- **Activity**:
What are the lines, word for word, from the line with "Hi, my name" up to and including the line with "Welcome everyone to" in the records below? Omit the pictures.

Items from a data source:

****************

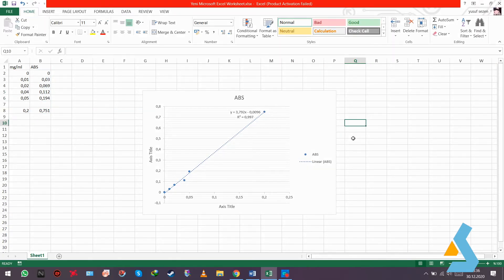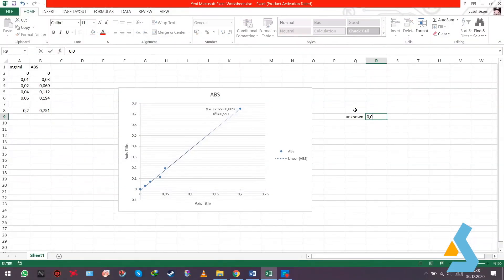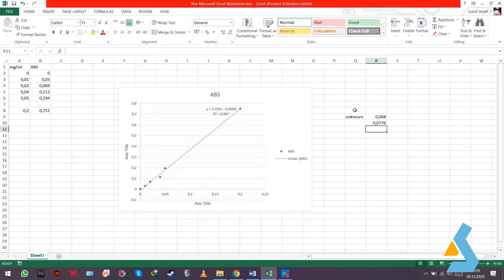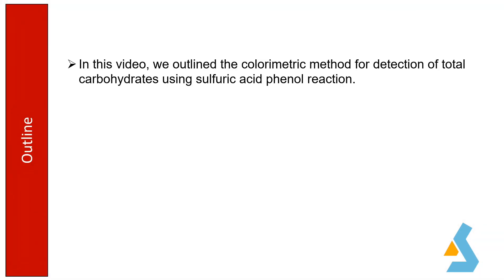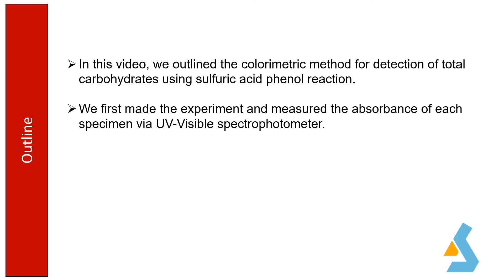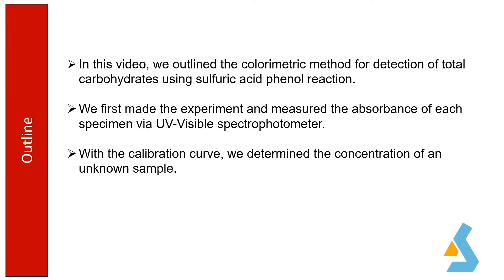The x-values are mg per milliliter of each specimen, while the y-axis defines absorbance. When we take the absorbance of the unknown specimen as the y-value, we obtain the x-value as 0.02 mg per milliliter, which is the concentration of the unknown specimen. In this video, we outlined the colorimetric method for detection of total carbohydrates using the sulfuric acid phenol reaction, measured absorbance via UV-Vis spectrophotometer, and used the calibration curve to determine the concentration of the unknown sample.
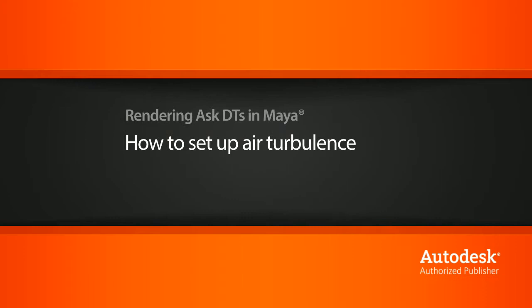Hi, my name is Dan, and I'm one of the DT Evangelists here at Digital Tutors. In this video, we're going to look at a question from one of our users, Snipe202, on how we can set up some air turbulence.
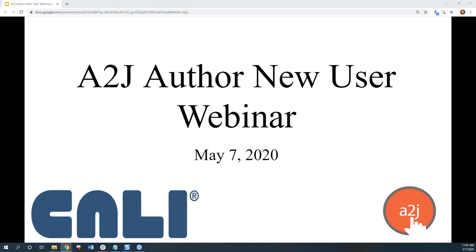Welcome everyone to our A to J Author New User Webinar. This is Jessica Frank. I am A to J Author's Project Manager.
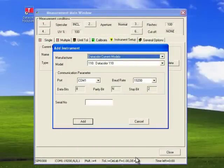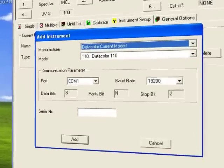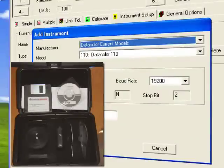The first time the user logs into the program, the system will show the Add Instrument window. Each instrument is accompanied by a black box that contains calibration standards, data, and apertures. These standards are unique to the instrument and are identified with the instrument's serial number.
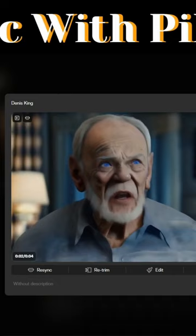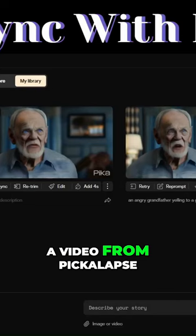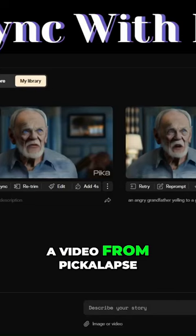Besides creating a video from Pika Labs, you can also upload an image, convert that image into a video, and then add our audio to create a lip sync video.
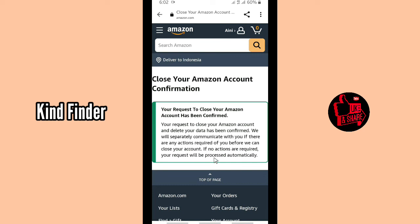All right guys, that was how to delete your Amazon account permanently. Thanks for watching this video. If you found this very helpful, don't forget to hit the thumbs up button and share this video with your friends. Once again, thank you and good luck!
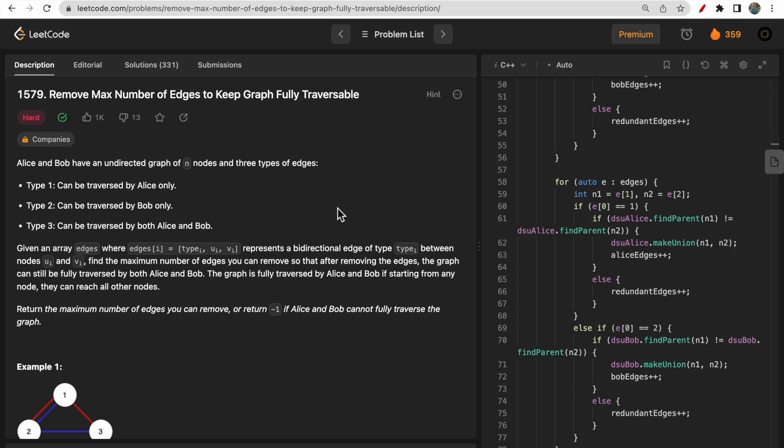Hello guys, welcome to Deep Codes. In today's video we will discuss LeetCode question 1579, 'Remove Max Number of Edges to Keep Graph Fully Traversable.' This question is somewhat medium level where if you get the intuition right, it becomes easier to write the code. The intuition part is very much important here, rather than the coding part.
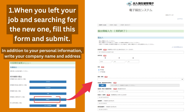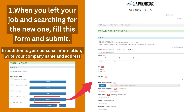From the page menu, choose the notification type you want to register. For the notification when you leave your job and are searching for a new one, click on the marked option from the menu. That will open the form page. Fill in this form and submit — these forms are easy to fill out; you just need to input your personal information.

****************

- **Result of the exercise**:
Hi, my name is Dan, and I'm one of the DT Evangelists here at Digital Tutors. In this video, we're going to look at a question from one of our users, Snipe202, on how we can set up some air turbulence.
Welcome everyone to our A to J Author New User Webinar. This is Jessica Frank. I am A to J Author's Project Manager.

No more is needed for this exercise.